Euronav Compass May 2026

It is important to note: the Euronav Compass is not a public website. It is a Business-to-Business (B2B) platform. Access is granted via invitation or subscription only to:

If you are a retail trader looking for casual tanker data, you will not log into the Compass. However, the public can see aggregated insights through Euronav’s quarterly earnings calls, where management references "Compass data points."

Here is the uncomfortable truth the Euronav Compass embodies: It is a brand-new fossil fuel burner. It runs primarily on Very Low Sulfur Fuel Oil (VLSFO) and heavy fuel oil with scrubbers (Euronav is a major adopter of hybrid scrubber systems). Euronav Compass

Why not LNG or methanol? When the Compass was designed in 2017–2018, LNG bunkering infrastructure was scarce, and the price premium was prohibitive. Euronav took a pragmatic view: build the most efficient conventional tanker possible, then retrofit later.

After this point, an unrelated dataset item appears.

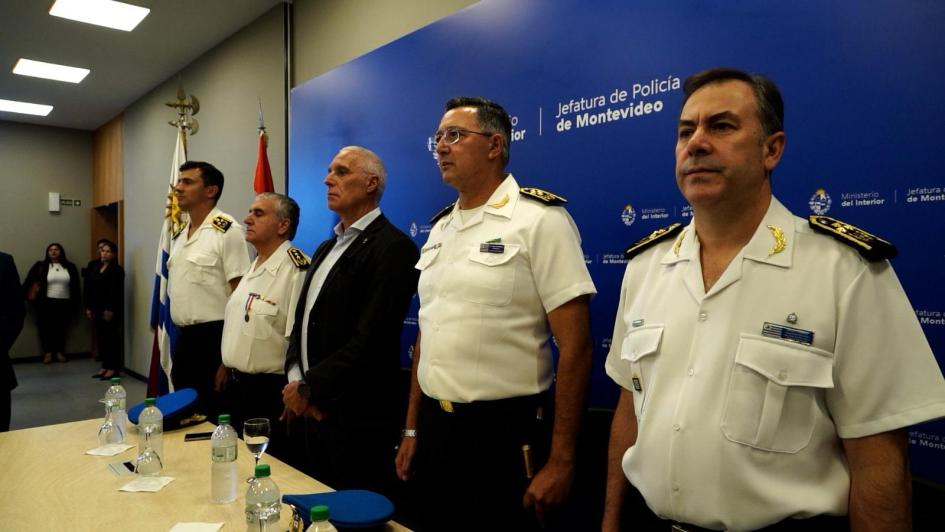 Ministro del Interior, Director de la Policía Nacional, Subdirectores y el Jefe de Policía Ministro del Interior, Director de la Policía Nacional, Subdirectores y el Jefe de Policía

Unlike free AIS aggregators that suffer from latency (delays of 30–60 minutes), the Euronav Compass updates in near-real-time. Users can filter by: It is important to note: the Euronav Compass

Sensors on the main engine, propeller shaft, hull, and weather instruments stream data to a cloud-based fleet operations center in Antwerp. Algorithms calculate:

In 2022, during a West Africa to Singapore run, the Euronav Compass reportedly altered course three times based on real-time marginal gain calculations, saving 12 metric tons of fuel—equivalent to 37.5 tons of CO2. For a ship that will operate for 20 years, these small savings compound into millions of dollars. If you are a retail trader looking for


At its core, the Euronav Compass is a proprietary digital market intelligence and fleet monitoring platform offered by Euronav. Unlike standard Automatic Identification System (AIS) trackers that simply show ship positions, the Compass aggregates real-time data, commercial analytics, and strategic insights specifically tailored to the Very Large Crude Carriers (VLCCs), Suezmax, and Floating Storage and Offloading (FSO) units that make up the Euronav fleet.

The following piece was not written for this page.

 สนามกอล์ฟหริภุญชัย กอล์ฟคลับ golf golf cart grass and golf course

Think of it as a hybrid between a Bloomberg terminal for shipping and a live operations dashboard. It provides stakeholders with:

Euronav has committed to decarbonization. Future iterations of the Compass will feature a "Green Route" planner, suggesting speeds and routes that minimize CO2 per barrel transported. Charterers will be able to compare the carbon footprint of a Euronav VLCC against an average market vessel.